The Review of Biblical Literature has posted some more reviews; among those published last week also one about a collection of articles, written by Florentino García Martínez:
García Martínez, Florentino, Najman, Hindy and Eibert Tigchelaar, editors, Between Philology and Theology: Contributions to the Study of Ancient Jewish Interpretation
Supplements to the Journal for the Study of Judaism, 162 Leiden: Brill, 2013 pp. xvi + 194. $149.00
Two of the eleven essays published have also a strong focus on Philo of Alexandria. The reviewer, George J. Brooke (University of Manchester, Manchester, United Kingdom), writes thus about these studies:
In “Abraham and the Gods: The Paths to Monotheism in Jewish Religion,” the paths from monolatry to monotheism are traced through a close reading of those Second Temple period texts that portray Abraham as the inventor of monotheism. In Palestinian Judaism there is a look at Judith (still proclaiming monolatry), a reconsideration of passages from the book of Jubilees (moving toward monotheism but not yet there), and a glance at the Apocalypse of Abraham (clearly monotheistic). The precise move toward the view that there can only be one God is seen in the first-century works of Philo and Josephus in which Abraham is depicted quite explicitly as the inventor of monotheism. That move is ascribed to the influence of the Greek philosophers, whose ideas were in circulation in Judaism in the second century BCE or earlier: the Letter of Aristeas (132–138) uses the concept of philosophical monotheism, as does the author of the book of Wisdom (13:1–5). It is at the turn of the era, it is argued, that Abraham is explicitly identified as the founder of monotheism and the trajectory of scriptural and other reflections on the experience of being the people of God are combined with the logic of a single creative principle.

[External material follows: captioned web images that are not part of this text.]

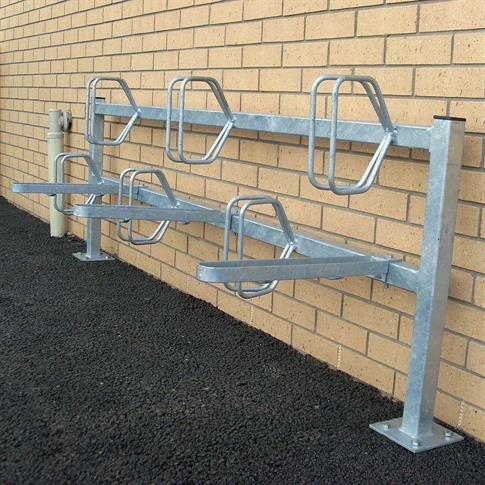 Up and Down Cycle Rack - Mild Steel product gallery image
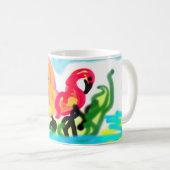 Sommerliche rosa Flamingos liebenswert Kaffeetasse (VorderseiteRechts)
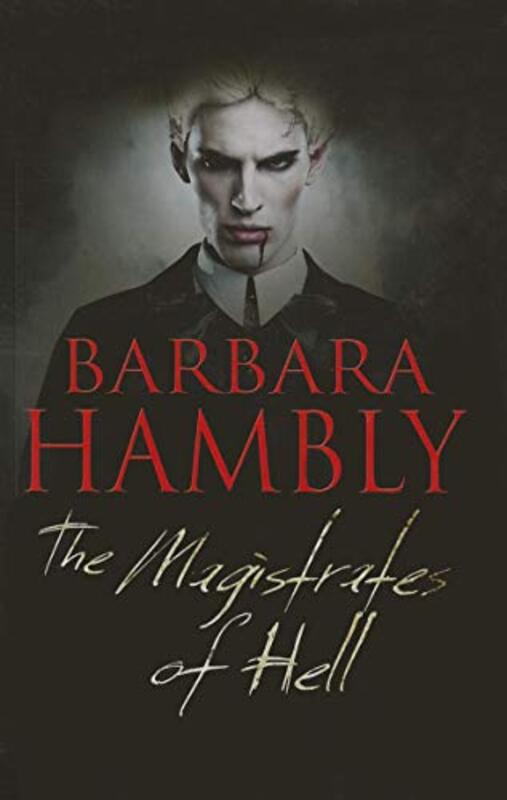 Book cover for "Magistrates of Hell" by Barbara Hambly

The other one he characterizes thus:
“Divine Sonship at Qumran and in Philo” is an exemplary summary of how key ideas emerge in sharper focus when juxtaposed with other traditions. Like all good teachers,García Martínez cites primary source texts extensively and is able to indicate very swiftly much of the distinctiveness of both Qumran and Philonic views on sonship. For the latter in particular he comments on Philo’s nonscriptural but Platonic view of the cosmos as Son of God, in fact, on the intelligible world as firstborn and the sensible world as the younger son. In relation to the firstborn, Philo is also concerned with the Logos as prōtogonos (never as prōtotokos), the guide of the whole world as a divine lieutenant, who is also cosmic high priest. In this essay there is notable appreciation for the beauty of each author’s lexical choices.